Em seguida, o apresentador e produtor cultural, Maurício Gaia relatou a sua experiência com “Pobre Paulista” quando assistiu a um show do Ira! em Fortaleza em 1996, quando a banda tocou a canção e acabou sendo vaiada e xingada pelo público. Maurício relatou que ao término da música, o vocalista Nasi xingava o público de volta, enquanto Edgard tentava esfriar os ânimos e esclarecer que havia uma mal-entendido ali.
O guitarrista comentou:
“É, então, nem a gente estava entendendo. Porque eu pensava assim, tinha alguma coisa na minha cabeça que falava, ‘espera aí, esses dois versos aqui…’. porque a letra inteirinha era uma letra bem adolescente, bem rebelde. Aí de repente pára numa rima muito infeliz, que é ‘não quero ver mais essa gente feia, não quero ver mais os ignorantes’, ok. Hoje em dia a gente sabe muito bem que essa ‘gente feia’ não tem absolutamente nada a ver com estética, com beleza, com formato de nariz, de cabelo, de olho, etc.

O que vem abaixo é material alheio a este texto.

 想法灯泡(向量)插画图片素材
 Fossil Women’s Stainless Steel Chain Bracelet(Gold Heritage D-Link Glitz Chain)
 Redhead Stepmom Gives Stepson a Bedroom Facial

É uma feiúra interna, uma coisa do espírito, e ‘ignorante1 não é o cara que não sabe ler e escrever, às vezes o ignorante é um cara letrado, que é um preconceituoso, que é um fascista, entendeu?
Teve um que faleceu recentemente, que fez escola com todo mundo, Olavo… E era o filósofo, né? Então tinha essa coisa. O lamentável disso foi a rima, ‘não quero ver essa gente feia, não quero ver ignorantes, eu quero ver gente da minha terra, eu quero ver gente do meu sangue’… É bairrismo, bairrismo ainda passa, mas sangue… a coisa fica xenofóbica. E eu nunca tive essa intenção, mas alguma coisa falava assim, ‘Tudo bem, é punk rock, não é tão ruim assim’. Uma cabeça lamentável.”
Edgard acrescentou:
“Demorou para cair a ficha. Essa música é antes do Ira!, essa música veio do subúrbio. E o paulistano já é olhado por outros lugares como um cara meio elitista, né? Por ser um lugar um pouco mais rico e tal. Então mais pra frente em meados de noventa, quando a gente foi tocar no Nordeste, não sei se foi esse show, mas a gente tocava essa música em tudo quanto é lugar, às vezes a gente abria o show com essa música.

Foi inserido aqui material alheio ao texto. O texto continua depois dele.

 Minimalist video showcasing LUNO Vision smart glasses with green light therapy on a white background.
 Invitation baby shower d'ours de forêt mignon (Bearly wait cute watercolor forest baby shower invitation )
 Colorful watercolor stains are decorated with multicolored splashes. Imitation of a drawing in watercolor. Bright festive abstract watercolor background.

E tocava no rio Janeiro, a gente cantava ‘Pobre São Paulo!’, eles ‘Filha da puta!’… ‘OOOOOO pobre paulista!’… ‘filha da puta!’… e ficava aquela rivalidade meio brincando e tal e não caiu a ficha até a gente ir tocar no Nordeste. Passou um rapaz negro com cartaz bem grande escrito ‘Pobre paulista é o caralho’. Cara, aí caiu a ficha, saca? Eu falei, ‘não dá mais para tocar essa música.’

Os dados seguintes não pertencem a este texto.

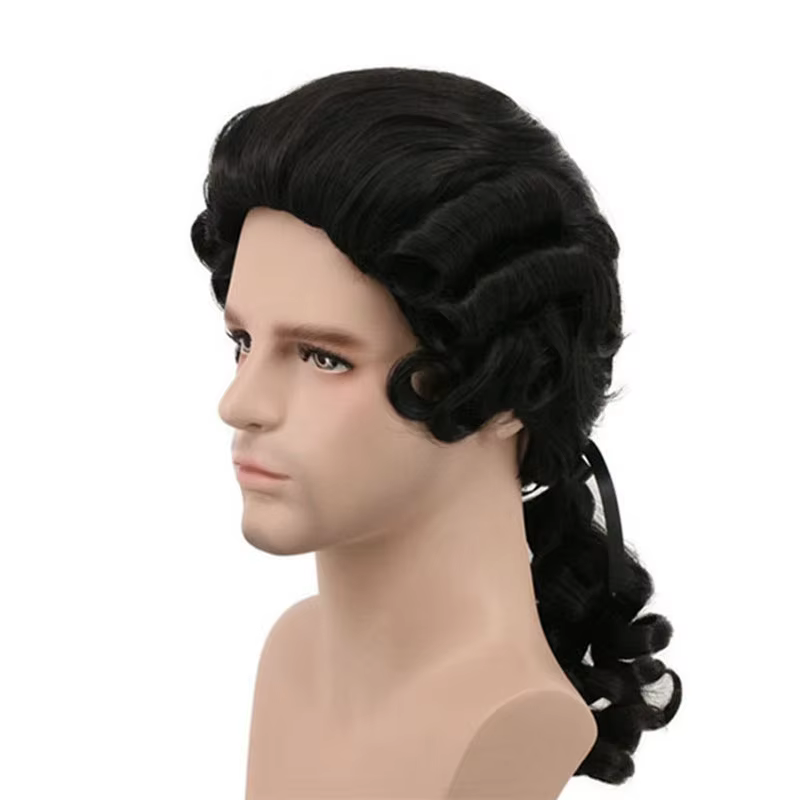 Gris blanc noir avocat juge baroque bouclés mâle Costume perruques de luxe historique Halloween longue synthétique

Aí começou ‘Ah, essa música é racista, essa música é preconceituosa, essa música não sei o que’. E um monte de gente começa a perguntar. Eu falei, ‘Cara, essa música a gente não pode tocar nunca mais, vamos tirar do repertório’. Então desde noventa e pouco a gente não toca mais essa música, mesmo em São Paulo, que é só a gente por o pé no palco que as pessoas pedem ‘Toca Pobre Paulista’. E a gente nunca mais tocou essa música. A gente faz só o refrão, ‘Parou, pensou e chegou a essa conclusão’. Obrigado e tchau. Nunca mais tocamos. Caiu a ficha.”